Token and observation metering is written to the same `usage_events` table from
the generation worker, so usage reflects real provider spend, not just HTTP calls.

`GET /v1/usage` returns the caller team's per-kind totals for the current month:

```json theme={null}
{ "since": "2026-06-01T00:00:00.000Z", "usage": { "request": 1280, "observation": 44 } }
```

<Note>
  "Gates writes only" is deliberate: ingestion is what drives generation, which is
  what costs tokens. A team that blows its token budget can still **read** its
  existing memory — you never lock someone out of their own data over billing.
</Note>

## Data deletion (forget)

Right-to-erasure. Both routes require `memories:write` and are scoped to the
caller's team. Both write an `audit_log` entry.

* **`DELETE /v1/memories/:id`** — delete a single observation; its
  `observation_sources` cascade. Returns `404` if no such observation exists for
  the team. Audited as `observation.deleted`.

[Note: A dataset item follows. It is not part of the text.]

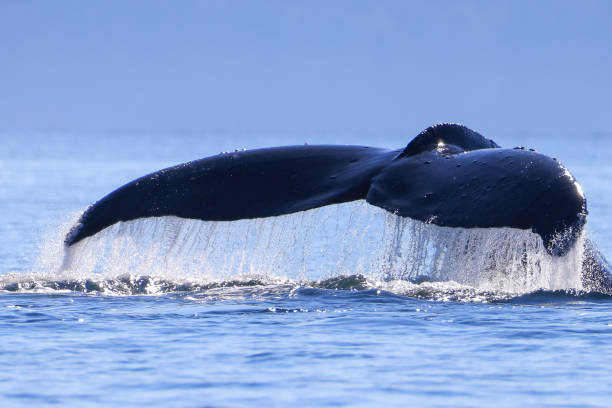 istock the tail of a diving humpback whale 2177893270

* **`DELETE /v1/projects/:projectId/memory`** — purge **all** captured content for
  a project in one transaction: observations, raw agent events, server sessions,
  and generation jobs. The project shell (config/membership) is kept so the team
  can keep using it. Returns per-table `counts`. Returns `404` if the project
  doesn't belong to the team. Audited as `project.memory_purged`.

  ```json theme={null}
  { "purged": true, "projectId": "...", "counts": { "observations": 42, "agentEvents": 17, "sessions": 3, "jobs": 17 } }
  ```

<Note>
  Deletion is team-scoped at the SQL layer, so a key can only ever erase its own
  team's data — a cross-team or nonexistent `projectId` returns `404` rather than a
  misleading success.
</Note>

## Event generation semantics

Ingestion (`POST /v1/events`) accepts two query flags that control observation
generation:

* `generate=false` — write the event but do **not** enqueue a generation job.
* `wait=true` — return the `generationJob` descriptor so callers can poll
  `GET /v1/jobs/:id` for completion.

Without `wait=true`, the response includes the new event row plus a best-effort
`generationJob` field. With `wait=true`, that field is always populated (or `null`
only when generation was explicitly disabled). The actual provider call happens in
the separate BullMQ worker (`claude-mem server worker start`) — the HTTP path
**never blocks** on a provider response.

## Endpoint reference

All endpoints are mounted under `/v1`; legacy worker routes remain under `/api`.

```
GET    /healthz
GET    /v1/info
GET    /v1/projects
POST   /v1/projects
GET    /v1/projects/:id
POST   /v1/sessions/start
POST   /v1/sessions/:id/end
GET    /v1/sessions/:id
POST   /v1/events                 # ?generate= ?wait=
POST   /v1/events/batch
GET    /v1/events/:id
POST   /v1/memories
GET    /v1/memories/:id
PATCH  /v1/memories/:id
DELETE /v1/memories/:id           # forget one observation
POST   /v1/search
POST   /v1/context
ALL    /v1/mcp                    # remote authenticated MCP recall
POST   /v1/keys                   # mint a read-only key (write scope)
GET    /v1/connect                # connect command with key placeholder
GET    /v1/usage                  # current-month usage totals
DELETE /v1/projects/:projectId/memory   # purge a whole project
GET    /v1/audit?projectId=<id>
```

## What's solid vs. what's coming

<Note>
  **Solid today:** Postgres-backed multi-tenant storage, api-key auth with
  read/write scopes, the `/v1/mcp` recall link, opt-in rate limiting + quotas +
  metering, and audited data deletion. All covered by the Postgres-gated e2e suite.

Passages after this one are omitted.